◆ REQUIRED WORK:
Each word in the data below should be copied exactly; the images should not.

(Caption-style text data)
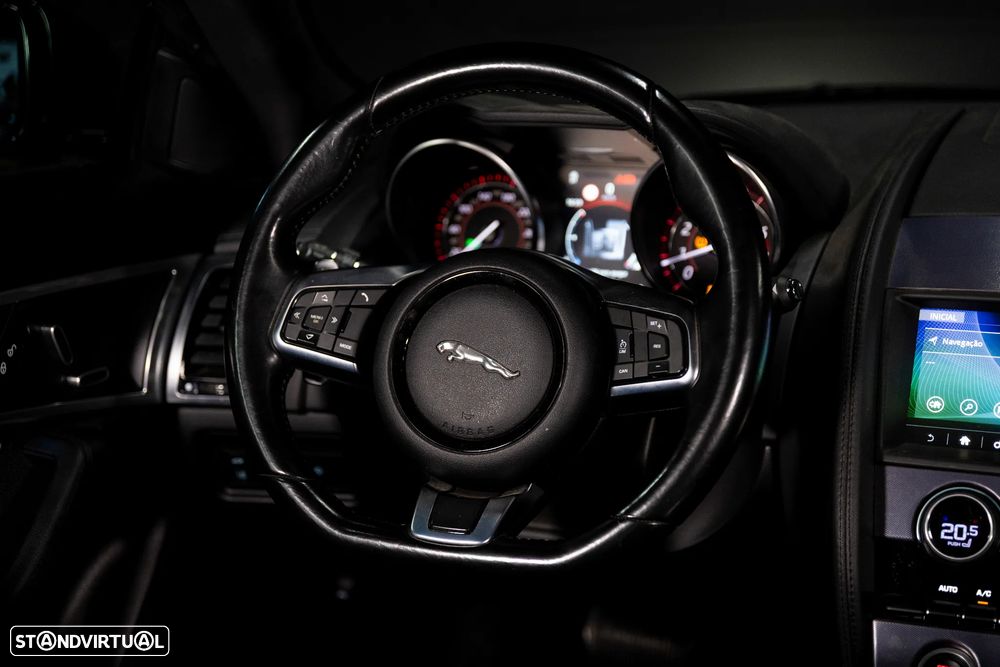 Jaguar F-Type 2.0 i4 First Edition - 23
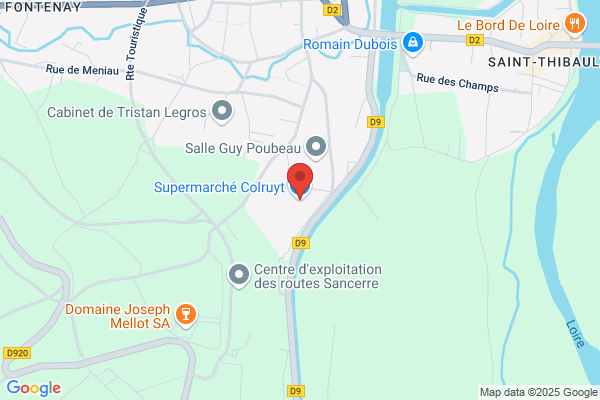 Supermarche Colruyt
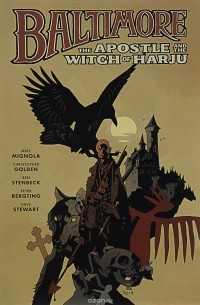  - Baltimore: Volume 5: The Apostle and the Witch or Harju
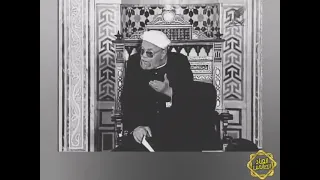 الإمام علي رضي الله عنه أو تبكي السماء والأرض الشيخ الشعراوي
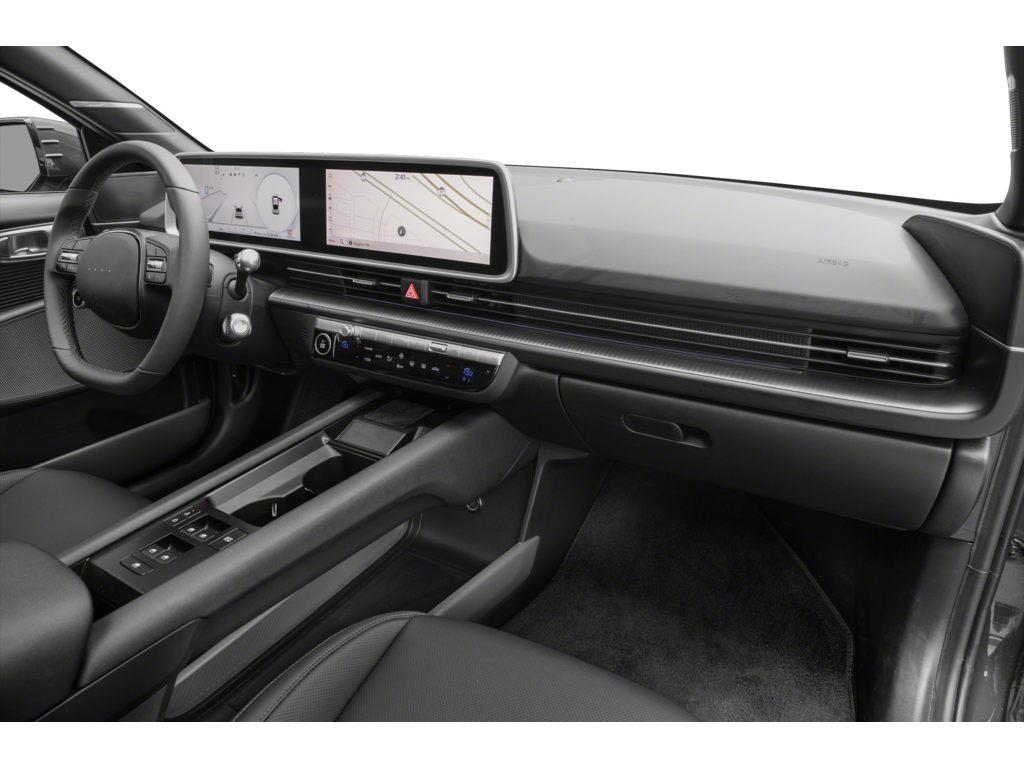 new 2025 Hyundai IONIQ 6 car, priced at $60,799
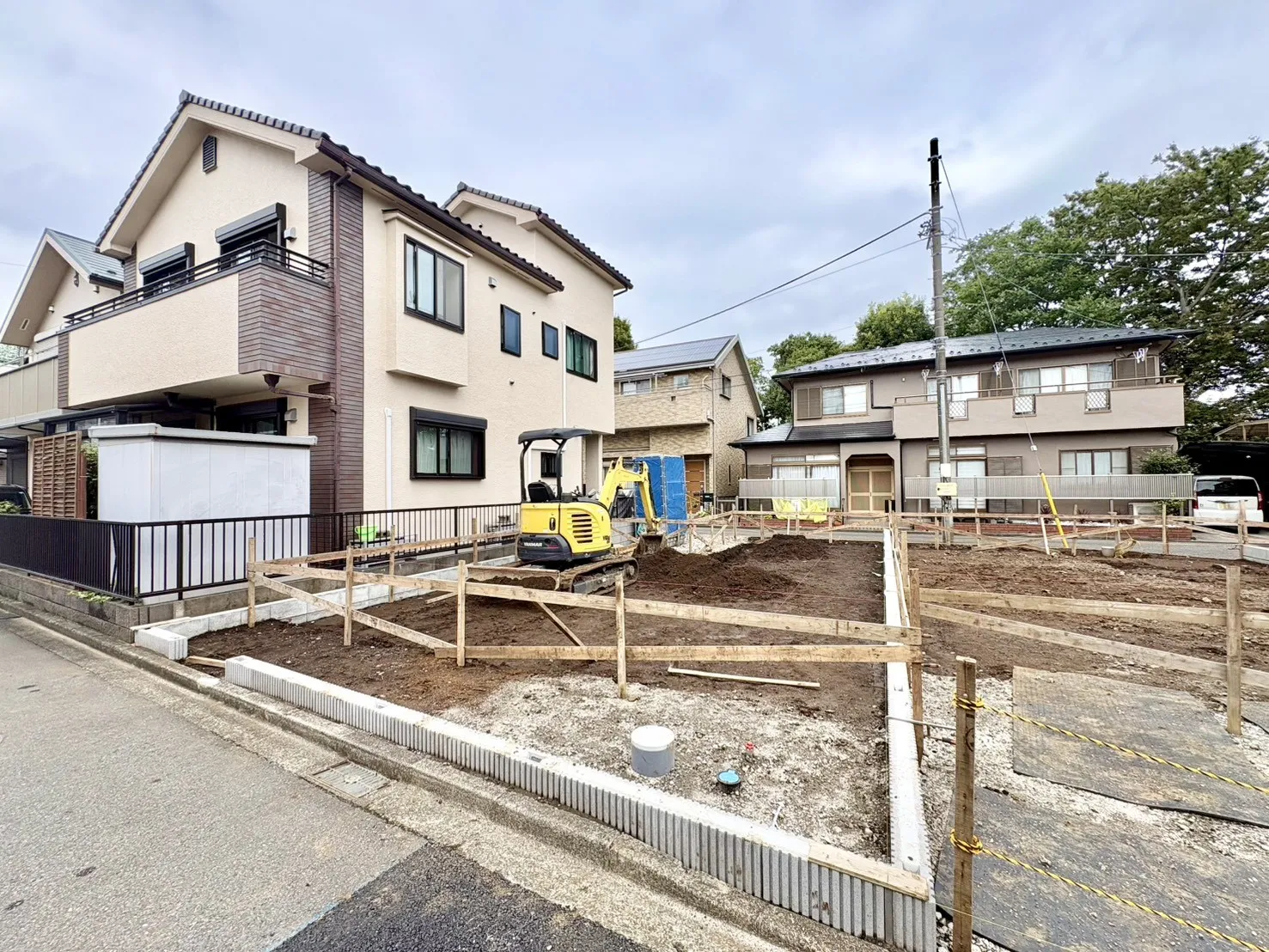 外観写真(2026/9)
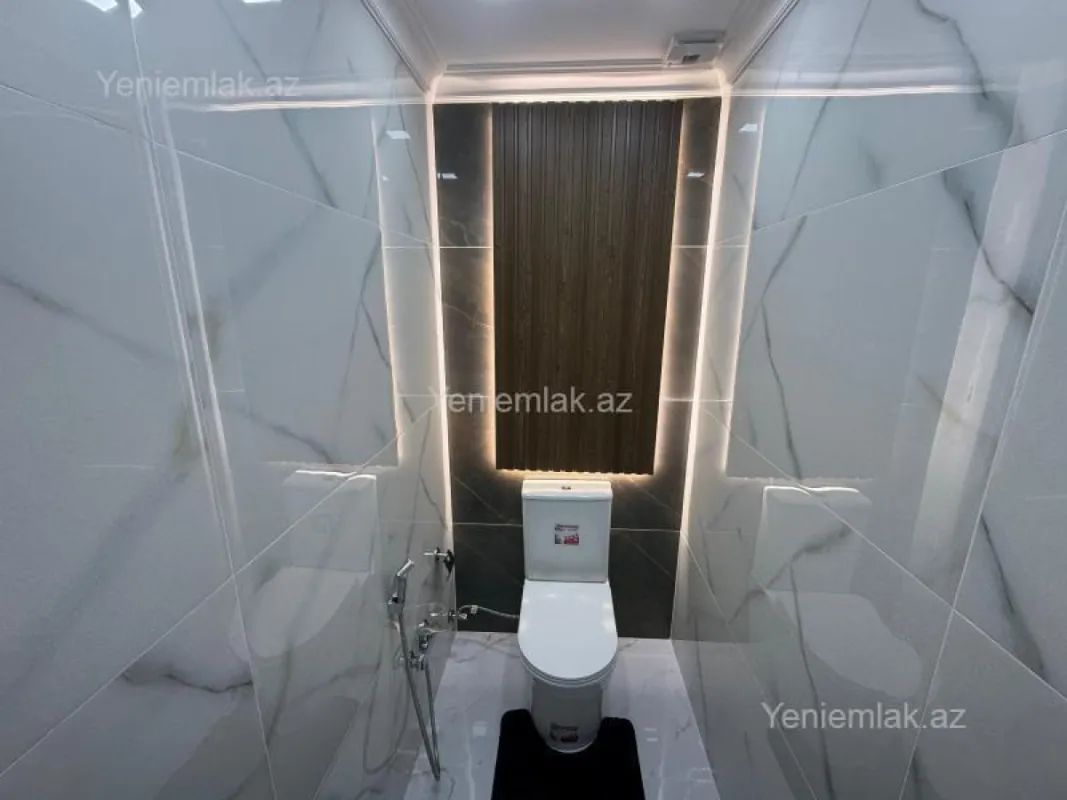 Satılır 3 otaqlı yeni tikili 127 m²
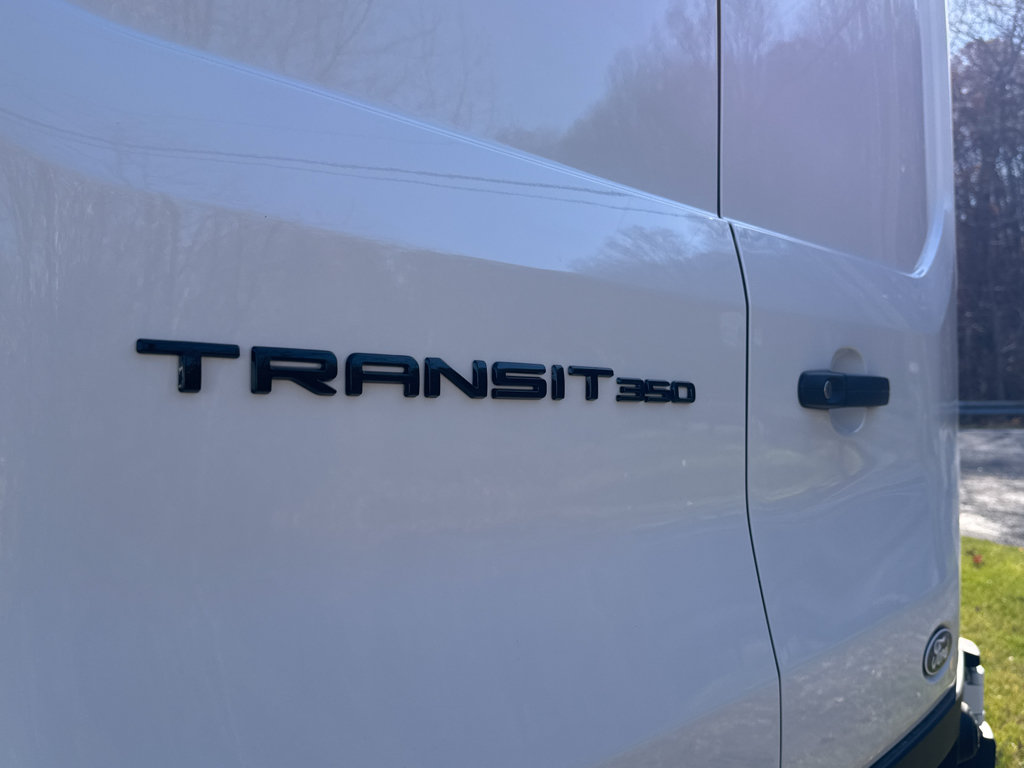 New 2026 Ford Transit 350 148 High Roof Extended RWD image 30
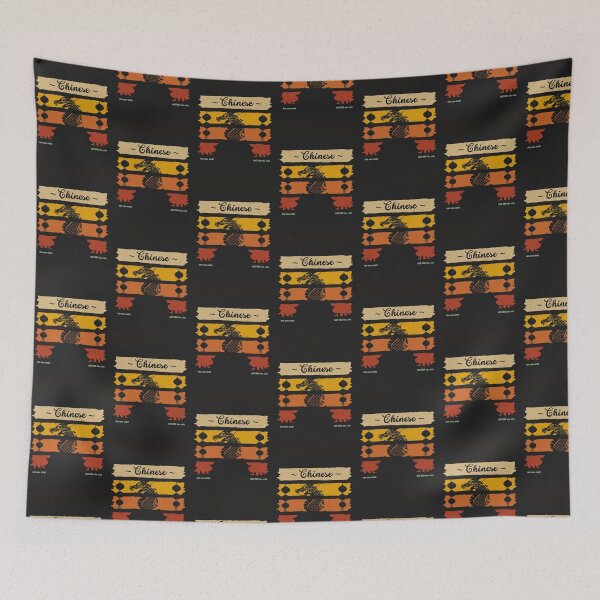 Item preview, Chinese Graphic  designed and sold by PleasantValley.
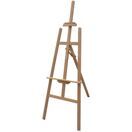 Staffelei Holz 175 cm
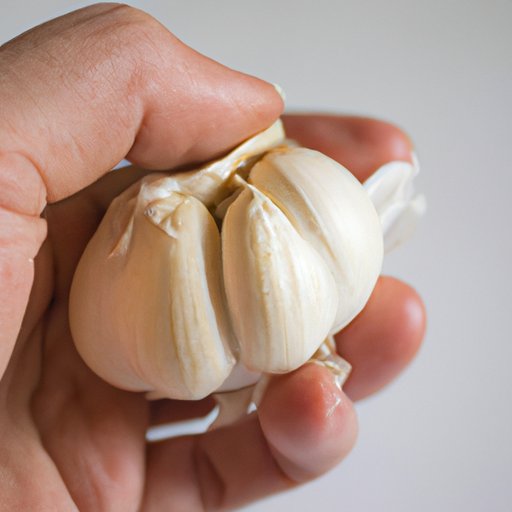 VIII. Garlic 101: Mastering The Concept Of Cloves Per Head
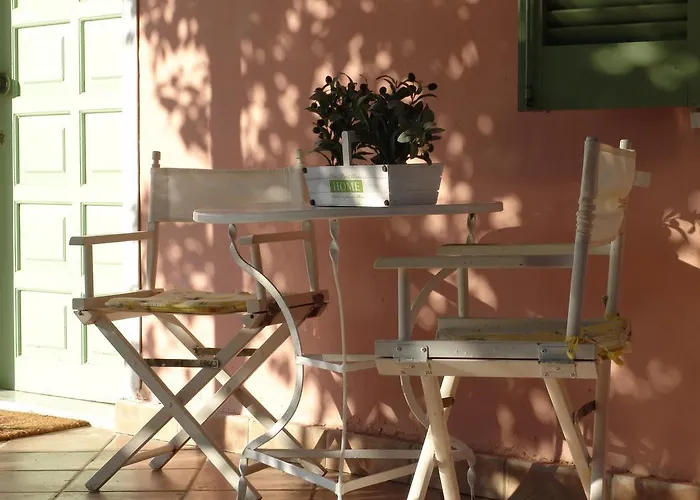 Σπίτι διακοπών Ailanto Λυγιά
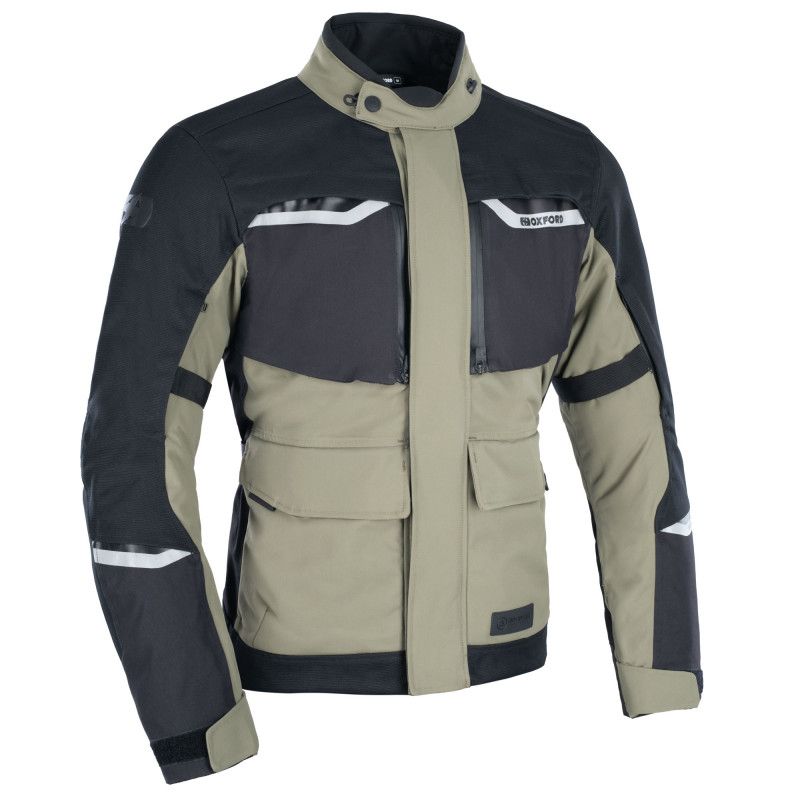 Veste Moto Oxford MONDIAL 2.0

◆ EXERCISE RESULT:
 Jaguar F-Type 2.0 i4 First Edition - 23
 Supermarche Colruyt
  - Baltimore: Volume 5: The Apostle and the Witch or Harju
 الإمام علي رضي الله عنه أو تبكي السماء والأرض الشيخ الشعراوي
 new 2025 Hyundai IONIQ 6 car, priced at $60,799
 外観写真(2026/9)
 Satılır 3 otaqlı yeni tikili 127 m²
 New 2026 Ford Transit 350 148 High Roof Extended RWD image 30
 Item preview, Chinese Graphic  designed and sold by PleasantValley.
 Staffelei Holz 175 cm
 VIII. Garlic 101: Mastering The Concept Of Cloves Per Head
 Σπίτι διακοπών Ailanto Λυγιά
 Veste Moto Oxford MONDIAL 2.0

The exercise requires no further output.